Невозможно представить себе ничего настолько абсурдного, чтобы не нашлись философы, которые взялись бы это доказать.
«Раньше нас гнала власть, а теперь к ней присоединился хор», — признавался, как мы помним, в минуту отчаяния Герцен. Иначе говоря, в настроении русского общества произошел вдруг резкий, ошеломивший его своей необъяснимостью переворот. С декабристских времен, на протяжении двух поколений, все казалось тут прозрачно ясным: власть и общество находились по разные стороны баррикады. Самодержавие со своими жандармами, со своими двенадцатью цензурами и казенной риторикой было чужим, было врагом.
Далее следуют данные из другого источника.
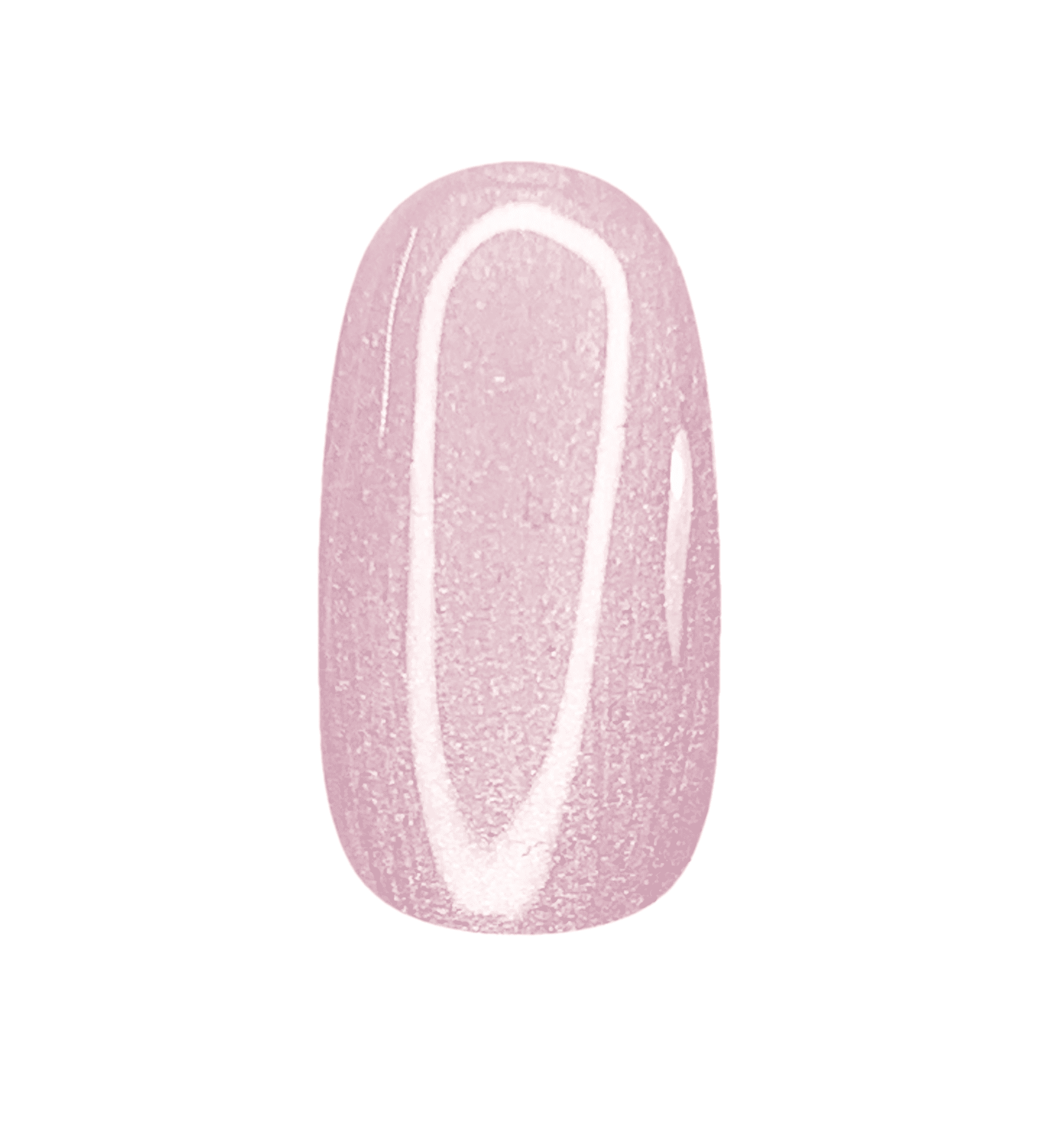 SS2 - SEA SHELL DAMA PINK - 8gr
Всякому мыслящему человеку в России казалось естественным, что государственный патриотизм, в основе которого лежал категорический запрет на инакомыслие, — это нечто дурное, зловещее, хамское. Мы проследили это по дневниковым записям Никитенко, по страстной риторике славянофилов, называвших царя не иначе, как деспотом, по язвительном замечаниям Чаадаева, по презрительной прозе Герцена. И вот во мгновение ока всё перевернулось вверх дном.
Из политики, тщательно оркестрованной правительством, гонение на свободное слово превратилось, как мы видели, в стихийную, «хоровую», так сказать, охоту. Существуй во времена подавления польского восстания 1863 года рейтинг, он наверняка зашкалил бы у императора за 80. Общество вдруг оказалось на стороне самодержавия. Того самого, что лишь десятилетие назад принесло ему невыносимое национальное унижение. Того, чей вроде бы мертвый государственный патриотизм оно только что исторгло из сердца.
Мы знаем, что это случилось. Но как? Этого мы покуда не знаем. Вот первая загадка, которая ожидает нас в этой главе. За нею, однако, высится вторая, куда более драматичная, исторический резонанс которой не заглох и поныне.